JENNY BROCKIE: Why did you leave you’re daughters?
SHELLEY: One of us had to, quite simply. One of us had to go. We had got to the point where our relationship was so destructive that that final night that Teigan was talking about, there was violence involved.
JENNY BROCKIE: You'd both been drinking that night.
SHELLEY: Yes, yes. I met him when I was 17 years old, so when I left I was close to 30. I discovered nightclubs, whoah, they stayed open until 3 and that was like whoah, all of the bright lights, I'd never been in a nightclub before, so drinking away with friends. This particular night I walked in with one particular friend, it was Vicky, and laughing, had so much fun, dancing, and I walked in to this wall of anger. I just left. There was no way I was going to stay in a house with a man that angry, so I left with my friend. I was so confused, I was so angry, I left.
JENNY BROCKIE: How old were they when you left?
SHELLEY: Teigan was two weeks, by this stage a week shy of your fourth birthday, a week going back and forth. Ashley was sill six years old. This is, like, 21 years ago. So it's 15-16 years that it took before I can even talk about this without just breaking down and literally wanting to kill myself. As I'm leaving, and it's during the day and my two little girls are standing on the veranda and they are screaming, and you don't remember this, and I'm so glad you don’t.
TEIGAN: I remember it.
SHELLEY: They were screaming "Please don't leave, mummy".
TEIGAN: I do remember it.
SHELLEY: Okay. I'm turning around and I'm hesitating, and there's so much hatred in his face and so much hurt and there is - I just left.
JENNY BROCKIE: You remember this, Teigan?
TEIGAN: Yeah. I remember, I remember you were coming over because you were coming to look after us while dad went to karate and, so, obviously one parent's going and the other one's taking its place, so they are not there at the same time. So my older sister and I were - mum's walking away, so we are saying mum don't go, so dad starts to walk away to go to his training and we are saying dad don't go. We couldn't understand why they couldn't be together at the same time.
JENNY BROCKIE: So why did you give custody to him?
SHELLEY: Yeah. He went to a solicitor. It was the family solicitor, so I just grabbed one out of the phone book, you know. So I go along, I speak to the solicitor, he said, well, you need to sign some paperwork. I sign the paperwork, we send everything off.

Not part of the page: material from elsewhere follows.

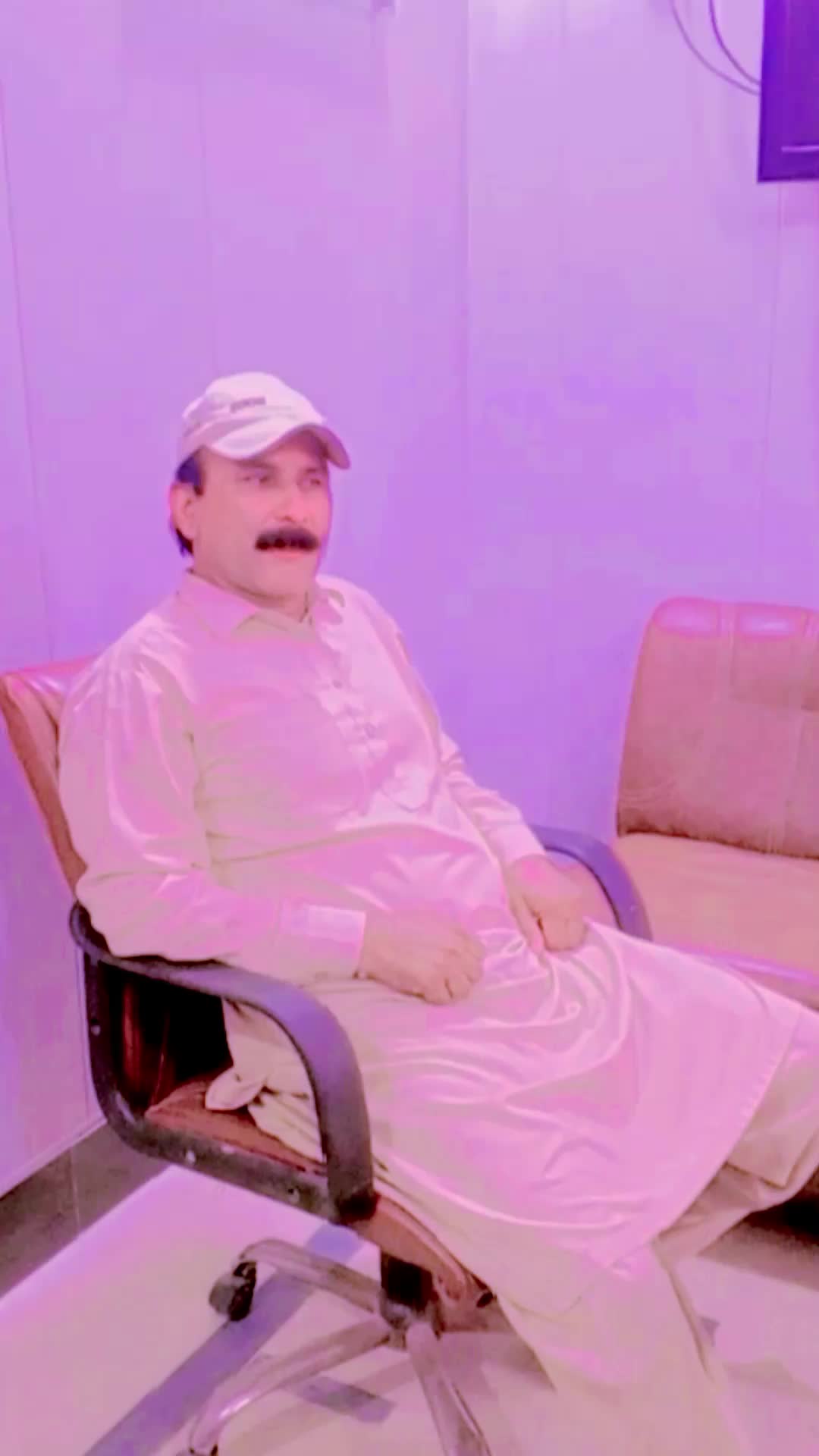 @khan g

I'm looking to get myself a house, get my children back, and unbeknownst to me I'd signed my children away. I did not know I had signed my children away. I thought I had signed something to say that I was giving permission for him to look after them solo until I got on my feet. But I had signed them away.
JENNY BROCKIE: I want to ask you about one specific thing. Last year, Teigan, you wrote your mum a letter. Can you tell us the key things you wanted to tell her in that letter?

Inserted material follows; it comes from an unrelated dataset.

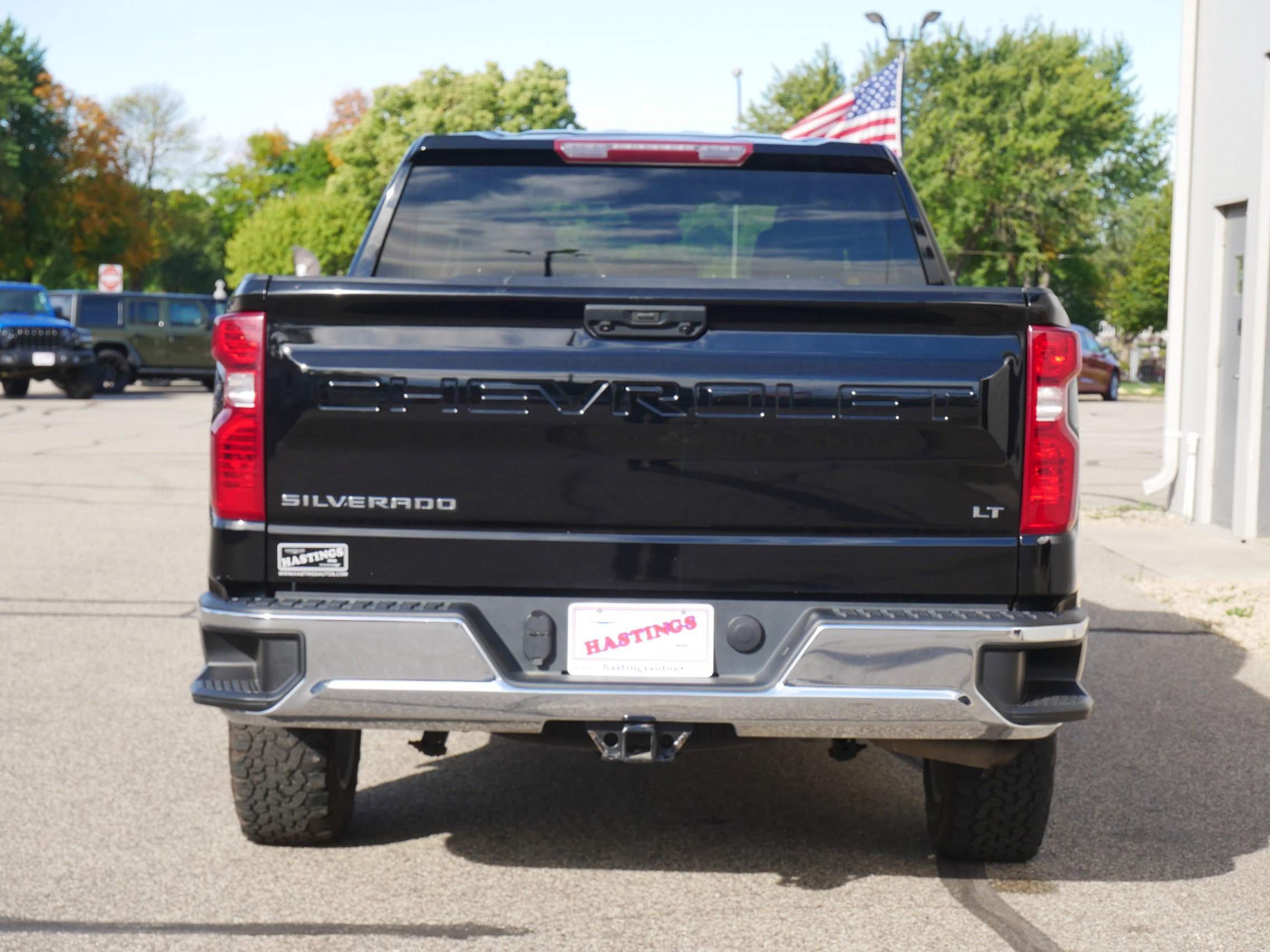2022 Chevrolet Silverado 1500 LT photo 4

TEIGAN: It was more just things that were constantly replaying in my mind about my childhood that sort of, I felt sort of like it was unanswered or I needed a couple of explanations. Like it wasn't about getting an apology and owning up to this sort of stuff, it was just acknowledge how I was feeling as a kid because I've never told you.
JENNY BROCKIE: And what were the key things you said in that letter, what the key most important things you wanted her to know?
TEIGAN: Just how much I didn't need her now but wanted to have her in my life because I've gone so long without having her there. How much Nana played a role in my life, how about it was easier for me to tell people that she had passed away than say that she's gone and left and that sort of stuff.
JENNY BROCKIE: And Shelley, what was it like getting that letter?
SHELLEY: No, no, I wasn't angry to start with. I was…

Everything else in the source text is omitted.